Entre 300.000 et 500.000 personnes ont défilé jeudi dans toute la France, contre plusieurs mesures gouvernementales. Le taux de gréviste a dépassé les 35% à la SNCF. Pour autant, le gouvernement ne compte rien lâcher.

Le gouvernement est "déterminé" à mener sa réforme du système ferroviaire, a répété la ministre des Transports Élisabeth Borne, appelant une fois de plus à la concertation au lendemain d'une première grève à la SNCF et d'une manifestation des cheminots. "On est déterminé à mener une réforme qui est essentielle pour l'avenir de la SNCF", a déclaré Mme Borne sur LCI. "Cette réforme, elle est indispensable."

"Je voudrais vraiment rassurer les cheminots: cette réforme, elle est faite pour améliorer le service public, et il n'y aura pas de service public fort sans une SNCF forte", a-t-elle affirmé. "Le gouvernement est décidé, et moi en particulier, à avancer dans la concertation", a répété la ministre. Interrogée sur un éventuel enlisement du conflit, avec une grève dure annoncée à la SNCF à partir du 3 avril, Élisabeth Borne a affirmé qu'elle "ne (pouvait) pas se placer dans cette perspective".

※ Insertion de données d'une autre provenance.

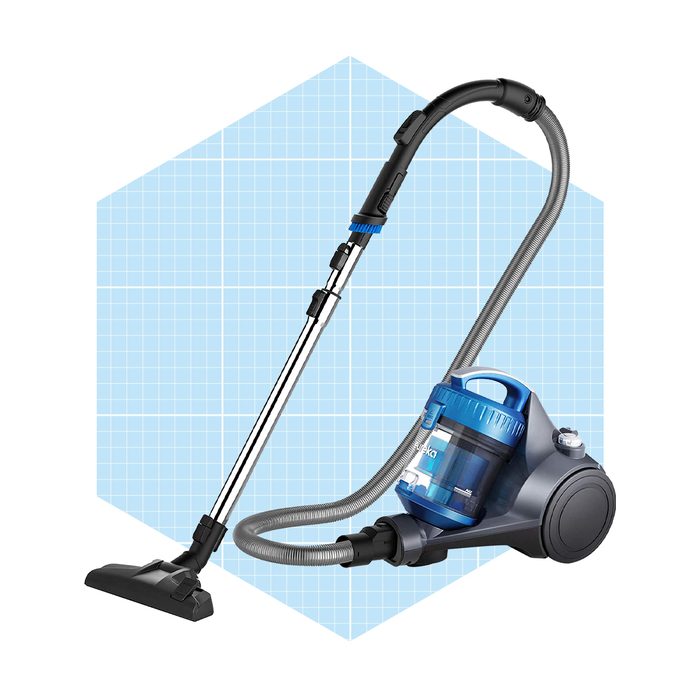 Eureka Whirlwind Bagless Canister Vacuum Cleaner Ecomm Amazon.com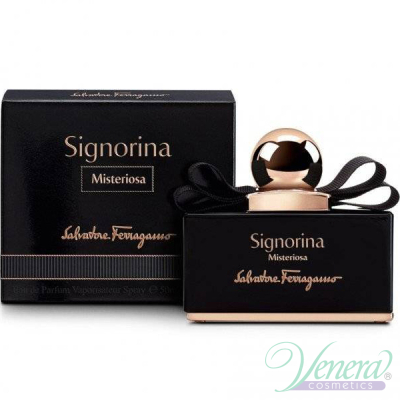 Salvatore Ferragamo Signorina Misteriosa EDP 50ml for Women Women's Fragrance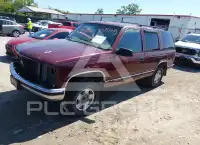 1999 GMC YUKON photo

"Utilisons à plein ces dix jours (jusqu'au 3 avril) pour avancer dans la discussion, pour rassurer les cheminots, pour trouver des réponses et pour préparer la loi qui sera discutée prochainement au Parlement", a-t-elle lancé. "Arrêtons d'agiter des peurs!".

"Dangereux" de faire croire qu'on pourrait revenir sur l'ouverture à la concurrence

"On a une réforme importante, je comprends que les cheminots se posent des questions. Je m'adresse vraiment aux organisations syndicales pour leur dire que notre responsabilité commune, c'est dans la concertation, dans la négociation, d'apporter des réponses aux questions."

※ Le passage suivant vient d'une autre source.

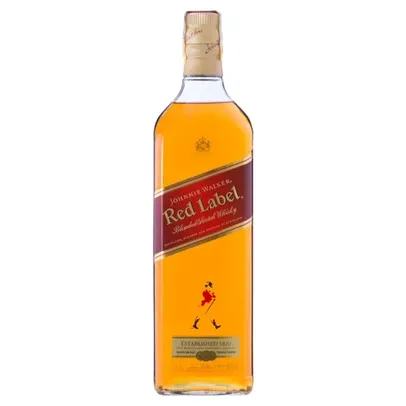 Johnnie Walker Blended Red Label Reino Unido 1 L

La ministre a jugé en particulier "dangereux" de faire croire qu'on pourrait revenir sur l'ouverture des chemins de fer à la concurrence, entérinée sous le précédent quinquennat: "L'ouverture à la concurrence, elle a été décidée. Le sujet, c'est comment on s'y prépare." Elle a aussi rappelé son objectif de mettre fin à l'embauche au statut de cheminot.

Remarquant que la journée d'action dans la fonction publique rassemblait jeudi plusieurs protestations diverses sur les salaires, les effectifs ou les conditions de travail, Mme Borne a dénoncé des arrière-pensées.

"On voit qu'il y a une volonté de certains syndicats ou mouvements politiques de faire un amalgame entre tous ces sujets et (...) il y a vraiment une volonté de récupération politique, avec l'idée de rejouer le troisième tour de l'élection présidentielle", a-t-elle affirmé. La participation était "à peu près conforme à ce qui était attendu", a par ailleurs estimé la ministre.